Further, Mr Ramzan added that while overall regulatory harmonization is a great idea, it is not practically possible. "The mindset in the US is of having one single body taking care of everything. As per the recent talk on harmonization, what will happen is that the EU will probably hand over the audits and FDA will implement," he said.
Speaking of India, they said that while India has been able to grab the bulls by the horns in the case of generic manufacturing, it has been proactive in BioSimilars too, even though they suggested that there is still a long way to go.
"India is struggling in establishing its own regulatory framework. The system is very hierarchical, you can't tell the higher ups that something is wrong. The Indian board has no teeth. The Indian Patents Act 1970 did away with protection of product patent process. There was no monopoly on product," he explained.

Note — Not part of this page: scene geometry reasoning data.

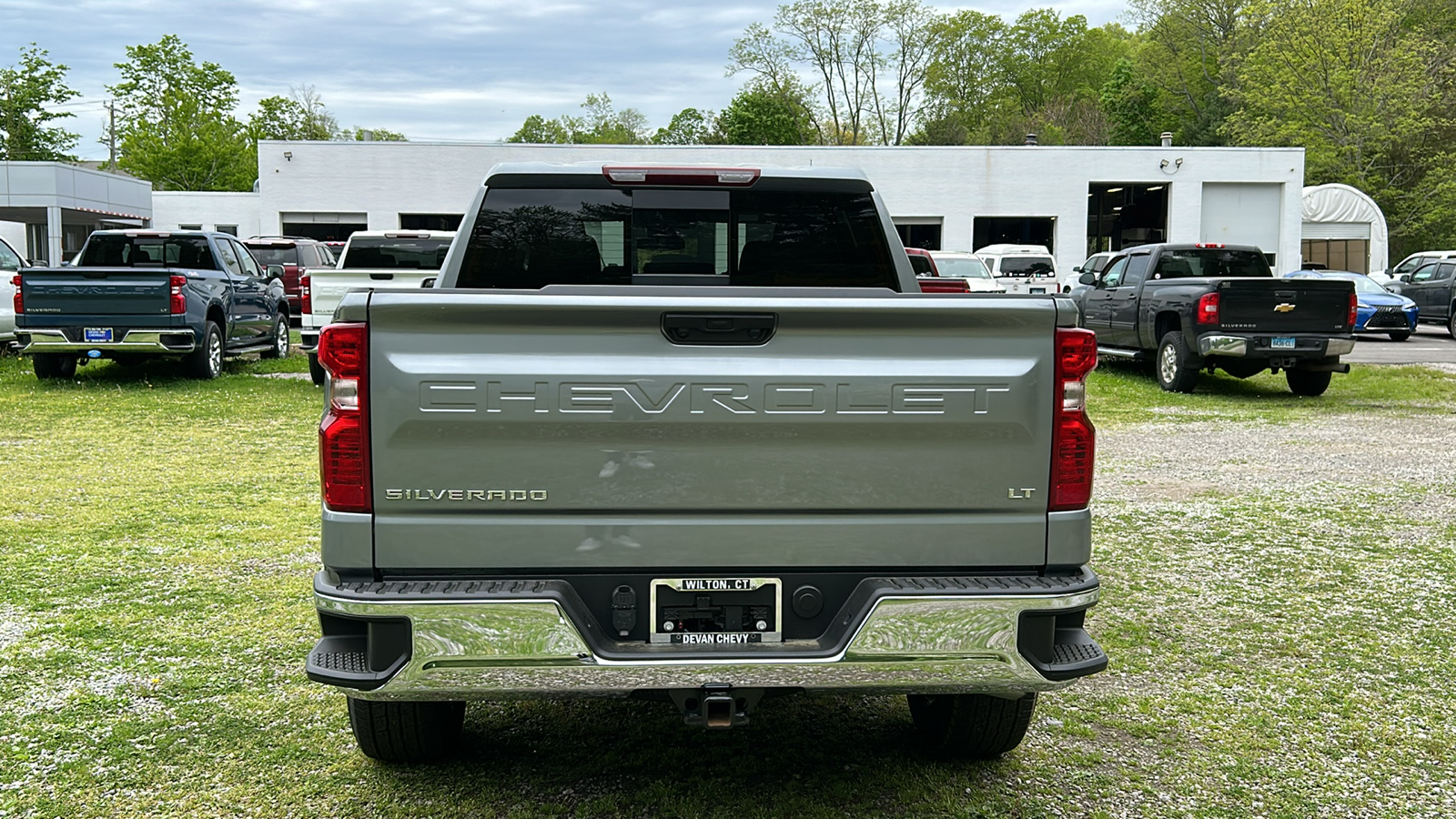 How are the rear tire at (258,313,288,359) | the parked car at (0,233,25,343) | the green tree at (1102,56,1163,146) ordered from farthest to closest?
the green tree at (1102,56,1163,146) < the rear tire at (258,313,288,359) < the parked car at (0,233,25,343)

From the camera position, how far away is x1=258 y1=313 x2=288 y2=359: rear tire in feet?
60.9

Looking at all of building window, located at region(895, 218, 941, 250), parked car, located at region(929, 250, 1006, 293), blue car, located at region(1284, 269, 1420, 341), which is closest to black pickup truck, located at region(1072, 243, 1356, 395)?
parked car, located at region(929, 250, 1006, 293)

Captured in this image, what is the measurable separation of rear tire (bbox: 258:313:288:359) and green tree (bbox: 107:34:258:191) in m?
50.1

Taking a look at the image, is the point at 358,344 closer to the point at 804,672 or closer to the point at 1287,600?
the point at 804,672

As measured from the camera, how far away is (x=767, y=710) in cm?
463

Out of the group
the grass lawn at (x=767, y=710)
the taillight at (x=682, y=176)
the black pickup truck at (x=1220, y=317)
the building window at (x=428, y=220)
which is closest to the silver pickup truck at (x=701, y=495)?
the grass lawn at (x=767, y=710)

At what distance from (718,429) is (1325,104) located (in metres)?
56.4

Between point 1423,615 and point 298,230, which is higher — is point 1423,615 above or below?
below

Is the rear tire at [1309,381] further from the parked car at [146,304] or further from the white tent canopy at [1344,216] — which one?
the white tent canopy at [1344,216]

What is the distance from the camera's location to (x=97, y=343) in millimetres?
14406

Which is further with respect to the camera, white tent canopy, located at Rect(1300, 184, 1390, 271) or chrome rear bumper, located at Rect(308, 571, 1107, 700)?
white tent canopy, located at Rect(1300, 184, 1390, 271)

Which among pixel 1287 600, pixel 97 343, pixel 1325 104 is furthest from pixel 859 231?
pixel 1325 104

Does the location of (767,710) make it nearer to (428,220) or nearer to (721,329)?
(721,329)

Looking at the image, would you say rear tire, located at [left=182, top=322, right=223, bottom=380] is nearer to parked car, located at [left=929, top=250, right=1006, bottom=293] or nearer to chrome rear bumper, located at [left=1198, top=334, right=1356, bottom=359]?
chrome rear bumper, located at [left=1198, top=334, right=1356, bottom=359] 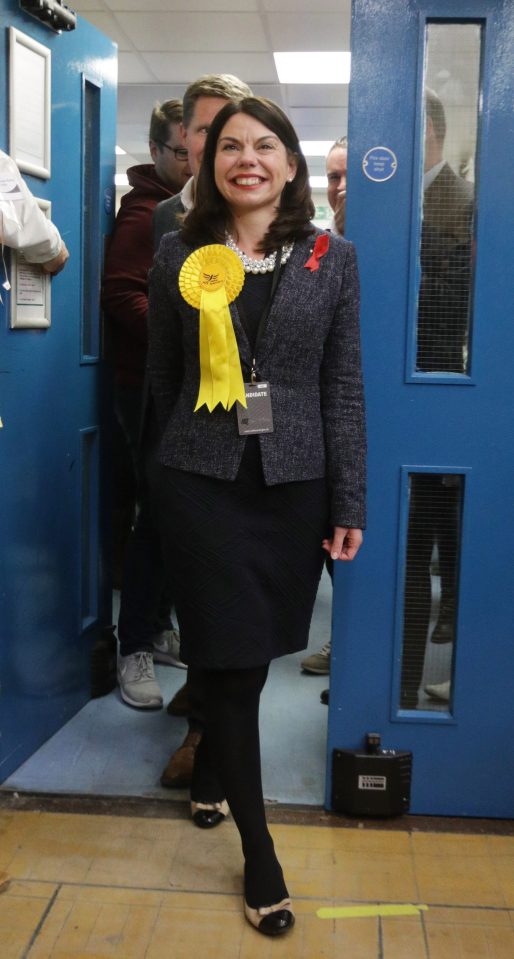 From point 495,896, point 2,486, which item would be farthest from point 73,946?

That said, they specified that as per their estimates, India is third largest when it comes to volume and eight largest when it comes to price. One out of five formulations are from India. The potential of need for help with understanding regulations is amongst the highest here, they opined.
FDA's efforts towards harmonization
FDA's role in harmonization and multilateral relations is to coordinate and collaborate on activities with various international organizations and governments on international standards and harmonization of regulatory requirements.
Recognizing the considerable synergy between its domestic policy and its international policy priorities, FDA is sharpening and focusing its planning for enhanced alignment of FDA and international standards. In recent decades, great changes in the world economy, together with expanded working relationships of regulatory agencies around the globe, have resulted in increased interest in international harmonization of regulatory requirements. Increased international commerce, opportunities to enhance public health through cooperative endeavors, and scarcity of government resources for regulation have resulted in efforts by the regulatory agencies of different nations to work together on standards and harmonize their regulatory requirements. Such harmonization enhances public health protection and improves government efficiencies by reducing both unwarranted contradictory regulatory requirements and redundant applications of similar requirements by multiple regulatory bodies. FDA's goals in participating in international harmonization are:
• To safeguard global public health,
• To assure that consumer protection standards and requirements are met
• To facilitate the availability of safe and effective products
• To develop and utilize product standards and other requirements more effectively
• To minimize or eliminate inconsistent standards internationally
FDA's harmonization efforts are intended to pool regulators' resources in developing standards for public health protection; reduce industry's compliance costs in the global market, and minimize impediments to bringing safe food and safe and effective treatments to consumers and patients around the world.